Les caméras dite piétons (body Cams) ont vu leur coût décroître ainsi que leur qualité s’améliorer. Leur usage s’est largement ouvert aussi bien pour les particuliers que les forces de l’ordre.

Dans le cas présent, un club italien souhaite en équiper ses agents de sécurité et d’accueil (stewards) afin d’aider à identifier (entre autres) les auteurs de propos racistes parmi la foule des spectateurs. Ces systèmes vidéo « rapprochés » venant compléter ceux des enceintes.

La méthode soulève deux questions majeures :
La première est celle de la mise en œuvre de la camera : permanente, ponctuelle ? Déclenchée par l’agent à son initiative ou sur ordre ? Avec quelle information des spectateurs ? Et quelles qualifications de l’agent ?
La deuxième question est celle du stockage des données récoltées et leur usage par la suite : qui constate quoi et le cas échéant sanctionne ?

Ces interrogations très pratiques sont celles qui ont prévalu lors de la mise en place de la vidéo-surveillance et de la vidéo protection. Qu’il s’agisse de l’espace public ou du domaine privé, la captation d’images s’inscrit dans un cadre législatif et réglementaire précis et évolutif. Leur utilisation dans le cadre de procédure privée, civile ou pénale est elle aussi encadrée. Et tout ceci en gardant à l’esprit le maintien pour chaque citoyen de grands principes en termes de liberté individuelle.

Innovation et sécurité – La sécurité privée pourra elle devenir prédictive ?

Article paru sur « Rendre notre monde plus sûr »

La société spécialisée en prestation de sécurité privée Goron propose un billet autour de la prédiction d’actes malveillants ou des incidents. Il s’agit d’une nouvelle question abordée sous l’œil de l’Intelligence Artificielle, domaine en pleine croissance. Son application (ici à la sécurité publique) est envisagée à travers d’éléments statistiques alimentant un système d’IA qui apprend par la répétition des cas ex post. Ainsi, les menaces peuvent être plus clairement identifiées.
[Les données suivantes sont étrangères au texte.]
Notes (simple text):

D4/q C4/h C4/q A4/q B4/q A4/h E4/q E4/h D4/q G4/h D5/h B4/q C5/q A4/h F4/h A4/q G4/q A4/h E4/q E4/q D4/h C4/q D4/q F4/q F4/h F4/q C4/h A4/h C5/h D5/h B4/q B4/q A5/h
Au-delà, la question peut aussi se décliner autour des phénomènes non intentionnels via une base de données permettant d’identifier les paramètres ayant abouti à des dispositifs défaillants compte tenu du diagnostic « risques » réalisé ex-ante : risques sous évalués et/ou dispositif mal dimensionné.

La sécurité fluide

Article paru en Octobre 2019 dans global security mag

Après sa thèse en Economie soutenue à Paris 1 Sorbonne en 2002, Olivier Hassid poursuit sa réflexion en proposant un nouveau concept, une quasi doctrine (au sens d’un cadre de réflexion général dans lequel on agit). 

En constatant que le « modèle de la forteresse » est supplanté au profit d’une approche fluide de la sécurité, O.Hassid réfléchi à l’usage des nouvelles technologies dans la sécurité.
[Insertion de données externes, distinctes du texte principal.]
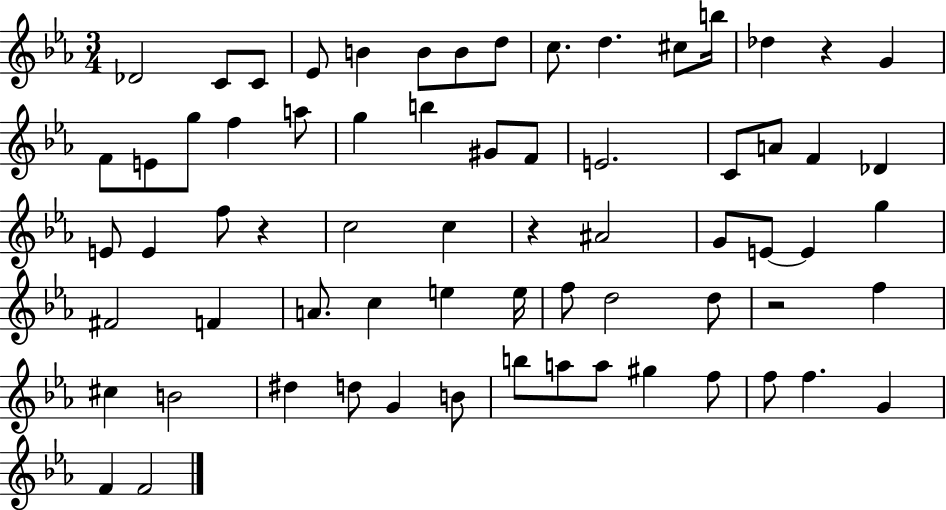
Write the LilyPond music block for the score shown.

{
  \clef treble
  \numericTimeSignature
  \time 3/4
  \key ees \major
  des'2 c'8 c'8 | ees'8 b'4 b'8 b'8 d''8 | c''8. d''4. cis''8 b''16 | des''4 r4 g'4 | \break f'8 e'8 g''8 f''4 a''8 | g''4 b''4 gis'8 f'8 | e'2. | c'8 a'8 f'4 des'4 | \break e'8 e'4 f''8 r4 | c''2 c''4 | r4 ais'2 | g'8 e'8~~ e'4 g''4 | \break fis'2 f'4 | a'8. c''4 e''4 e''16 | f''8 d''2 d''8 | r2 f''4 | \break cis''4 b'2 | dis''4 d''8 g'4 b'8 | b''8 a''8 a''8 gis''4 f''8 | f''8 f''4. g'4 | \break f'4 f'2 | \bar "|."
}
Cette question est loin d’être circonscrite à la fonction  sécurité. Elle relève d’un domaine de recherche en pleine explosion : l’intelligence artificielle 

Outre les questions de définitions des besoins et de mise en œuvre des algorithmes, l’IA soulève des questions éthiques mais aussi de RH pour les acteurs : quels agents, avec quelles compétences ? Quelles frontières entre l’action de l’homme et les outils d’aides à la décision ? 

Ce faisant, le fait de ne pas oublier le point de vue de l’usager et sa perception sur ces questions est une obligation permanente. De ce point de vue, l’acceptation par le citoyen de systèmes (biométriques et autres) de plus en plus efficaces dans leurs croisements (comme dans la sécurité aéroportuaire) reste une question en tension, notamment en France. D’autres pays (et donc cultures) ont basculé depuis fort longtemps vers un quasi tout numérique pour le fichage de leur population.